Green managed his fundraising goal continually by changing the amount a few thousand dollars at a time, so that it would only take 10 or 20 donations of average size to reach it. Ultimately, he wanted donors to know they had a real impact in helping him reach his goal.

“None of the past donors object if you’ve been successful enough to raise the bar a bit more,” said Green. “They usually applaud the success. Somewhere in the back of my head I thought we’d raise around $10,000 but I didn’t want to put that into print because it’s too unattainable to the average donor,” said Green. “Then we blew through $10,000 and I started to think about $20,000, but even then I didn’t put it in print.”

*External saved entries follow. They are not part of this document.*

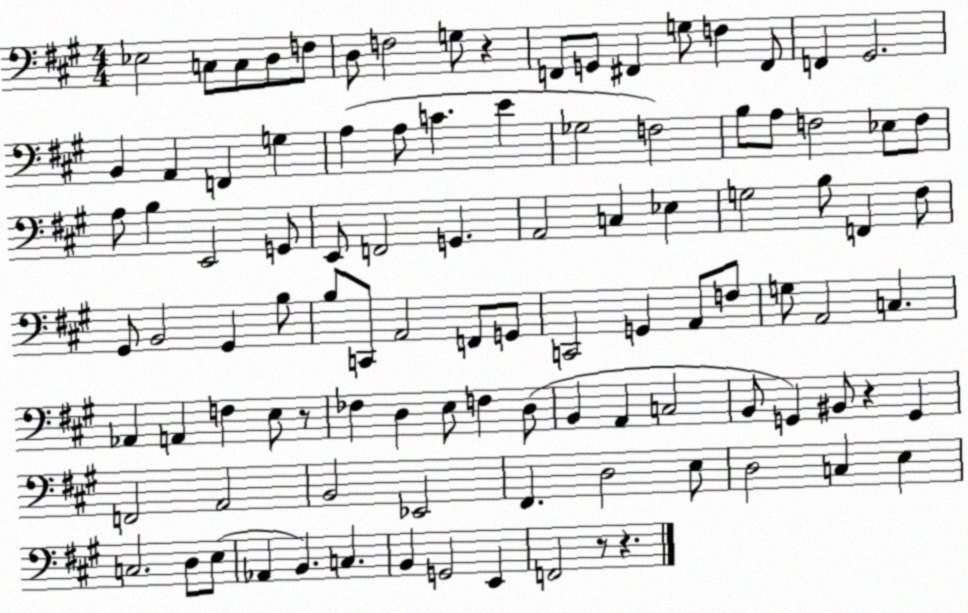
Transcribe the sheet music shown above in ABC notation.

X:1
T:Untitled
M:4/4
L:1/4
K:A
_E,2 C,/2 C,/2 D,/2 F,/2 D,/2 F,2 G,/2 z F,,/2 G,,/2 ^F,, G,/2 F, ^F,,/2 F,, ^G,,2 B,, A,, F,, G, A, A,/2 C E _G,2 F,2 B,/2 A,/2 F,2 _E,/2 F,/2 A,/2 B, E,,2 G,,/2 E,,/2 F,,2 G,, A,,2 C, _E, G,2 B,/2 F,, ^F,/2 ^G,,/2 B,,2 ^G,, B,/2 B,/2 C,,/2 A,,2 F,,/2 G,,/2 C,,2 G,, A,,/2 F,/2 G,/2 A,,2 C, _A,, A,, F, E,/2 z/2 _F, D, E,/2 F, D,/2 B,, A,, C,2 B,,/2 G,, ^B,,/2 z G,, F,,2 A,,2 B,,2 _E,,2 ^F,, D,2 E,/2 D,2 C, E, C,2 D,/2 E,/2 _A,, B,, C, B,, G,,2 E,, F,,2 z/2 z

Green’s strategy zeroed in on prospective donors who looked for clues about average donation size when asked to “give from the heart.” He explained that providing guidance to prospective donors and how the question was framed really made a difference in a donation size. For example, he would ask for a donation of $10, $25, $50; of $50, $100, or $250; or of $100, $250, or $500, depending on what the prospective donor’s capacity was and what their willingness to give would be. He also utilized additional page features, such as the ticker and thermometer widgets to help guide and nudge the donation levels up.

“We went to people we thought would be $500 to $1,000 donors first; they were the pacesetters,” Green said. “We made sure that group included senior family members and colleagues whose names on our ticker would be a beacon for other donors. Then we stepped down to folks who were earlier in their careers and had less capacity to give.”

He felt that anchoring at higher numbers from respected members of the community, which people could see on his personal donation page, enticed people who would not have given to give and those who would have given anyway, to give more. Finally at the end he asked people of some means to stretch a bit and to help him make his then-goal of $20,000; a goal that at one point he was at risk of missing.

“We thought we were tapped out at around $18,000, then saw some extraordinary generosity by people who love Siobhan and really wanted to help in her name,” said Green. “They’d been holding out because they wanted to be Team Siobhan’s second wind.”

In the middle of all of this, a crucial moment for Green helped him find more motivation to keep going beyond his goal. “Siobhan got flustered while trying to tell me about a doggie she saw,” he said. “She cried, held her tongue, and signed, ‘Daddy, help me talk.’”

Pushing all doubts aside, Green continued to support his daughter by raising a total of $20,868.31 in his enthusiastic campaign. With a couple of additional donations and company matches, his team’s total reached over $22,053.31 for the 2011 Denver Walk for Children with Apraxia of Speech.

“Following up with donors to ask for a company match is usually well-received, as it's often not much work on the donor's part and is a great way for the donor to magnify the impact of his or her donation,” said Green. His widespread reach included a total of 186 individual donors that as a result would help support CASANA and benefit important funding for future programs and research.